TOTABUAN.CO–Negara ekonomi terbesar di Timur Tengah, Arab Saudi mengalami kesulitan parah karena merosotnya pertumbuhan ekonomi. Ini sebagai dampak anjloknya harga minyak dunia, konflik regional serta menguatnya dolar Amerika Serikat (USD).
Bahkan International Moneter Fund (IMF) sebelumnya telah memperingatkan Arab Saudi kalau penurunan tajam harga minyak dunia akan melemahkan pertumbuhan ekonomi.
Dilansir dari CNBC, pertumbuhan ekonomi Arab Saudi diprediksi hanya 2,8 persen pada 2015. Pertumbuhan juga akan terus menurun hingga 2,4 persen pada 2016 mendatang. Padahal, 2014 silam, pertumbuhan ekonomi Arab Saudi masih menyentuh angka 3,5 persen.
Penjualan minyak tahun ini diprediksi hanya akan memberi kontribusi sebesar 24,2 persen pada perekonomian Arab saudi. Angka ini turun drastis dari tahun lalu, di mana penjualan minyak berkontribusi 32,6 persen pada pertumbuhan.

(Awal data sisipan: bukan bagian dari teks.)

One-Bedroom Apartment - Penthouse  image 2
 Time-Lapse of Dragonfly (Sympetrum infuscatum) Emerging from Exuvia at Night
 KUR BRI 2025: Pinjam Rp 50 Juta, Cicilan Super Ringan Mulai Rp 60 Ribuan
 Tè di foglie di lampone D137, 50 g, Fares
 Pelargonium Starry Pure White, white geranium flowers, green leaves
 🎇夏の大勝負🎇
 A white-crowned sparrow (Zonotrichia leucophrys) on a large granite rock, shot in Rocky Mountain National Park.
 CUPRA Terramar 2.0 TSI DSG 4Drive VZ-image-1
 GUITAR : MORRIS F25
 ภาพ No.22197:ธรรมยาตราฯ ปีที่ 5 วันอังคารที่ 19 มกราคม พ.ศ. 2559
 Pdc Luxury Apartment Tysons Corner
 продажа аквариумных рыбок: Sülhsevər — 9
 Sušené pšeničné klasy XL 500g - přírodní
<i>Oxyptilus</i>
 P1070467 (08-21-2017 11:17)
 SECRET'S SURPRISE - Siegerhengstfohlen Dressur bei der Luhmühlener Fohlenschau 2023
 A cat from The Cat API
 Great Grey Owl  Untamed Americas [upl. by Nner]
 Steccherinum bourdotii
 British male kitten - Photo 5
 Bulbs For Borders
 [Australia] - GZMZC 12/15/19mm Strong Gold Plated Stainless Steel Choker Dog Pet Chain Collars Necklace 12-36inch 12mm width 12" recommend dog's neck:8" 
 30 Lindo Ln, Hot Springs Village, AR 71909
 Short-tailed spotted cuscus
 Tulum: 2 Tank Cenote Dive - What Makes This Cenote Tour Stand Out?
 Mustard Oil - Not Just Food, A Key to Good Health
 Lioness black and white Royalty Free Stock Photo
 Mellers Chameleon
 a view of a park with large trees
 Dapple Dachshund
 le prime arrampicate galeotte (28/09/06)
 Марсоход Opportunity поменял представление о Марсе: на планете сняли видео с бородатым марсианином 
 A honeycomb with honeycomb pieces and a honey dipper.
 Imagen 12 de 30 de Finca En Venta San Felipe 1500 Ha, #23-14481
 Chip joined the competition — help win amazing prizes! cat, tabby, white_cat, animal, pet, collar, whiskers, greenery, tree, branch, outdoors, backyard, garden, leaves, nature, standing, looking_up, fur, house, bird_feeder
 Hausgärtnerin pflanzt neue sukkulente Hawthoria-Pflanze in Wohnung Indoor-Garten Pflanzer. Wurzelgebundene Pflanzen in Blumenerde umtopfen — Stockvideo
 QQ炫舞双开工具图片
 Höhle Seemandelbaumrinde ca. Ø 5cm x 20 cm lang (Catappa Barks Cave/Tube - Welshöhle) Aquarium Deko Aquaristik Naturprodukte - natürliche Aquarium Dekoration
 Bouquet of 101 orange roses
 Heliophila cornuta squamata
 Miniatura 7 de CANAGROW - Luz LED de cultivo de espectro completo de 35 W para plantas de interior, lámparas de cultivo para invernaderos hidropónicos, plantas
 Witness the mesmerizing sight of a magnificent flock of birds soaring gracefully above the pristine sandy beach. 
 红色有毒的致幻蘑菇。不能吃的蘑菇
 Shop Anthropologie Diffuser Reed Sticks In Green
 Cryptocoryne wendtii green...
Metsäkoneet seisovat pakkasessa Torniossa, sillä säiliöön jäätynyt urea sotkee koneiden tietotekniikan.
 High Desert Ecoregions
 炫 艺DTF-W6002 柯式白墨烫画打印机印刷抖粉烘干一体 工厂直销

“Risiko terhadap prospek pertumbuhan mengarah ke sisi negatif. Risiko utama rendahnya harga minyak dunia karena melemahnya permintaan global dan meningkatnya pasokan,” kata IMF dalam laporannya seperti dilansir dari CNBC diJakarta , Kamis (10/9).
Head of frontier markets strategy at Exotix Partners, Hasnain Malik berharap Arab Saudi bisa bertahan selama harga minyak tetap rendah, mengingat perekonomian Arab selama ini ketergantungan secara langsung maupun tidak langsung pada pendapatan minyak.
“Ada badai besar menyebabkan keprihatinan global maupun lokal,” ucap Hasnain.
Arab Saudi adalah anggota dominan Organization of the Petroleum Exporting Countries (OPEC) di mana 80 persen pendapatan ekspor negara didapat dari penjualan minyak dan gas. Hal ini sangat berisiko ketika harga minyak dunia anjlok dalam 12 bulan terakhir.
IMF memprediksi, Arab Saudi akan mengalami defisit fiskal mencapai 19,5 persen tahun ini. Hal ini didorong oleh menurunnya pendapatan minyak serta meningkatnya pengeluaran pemerintah untuk biaya operasi militer di Yaman.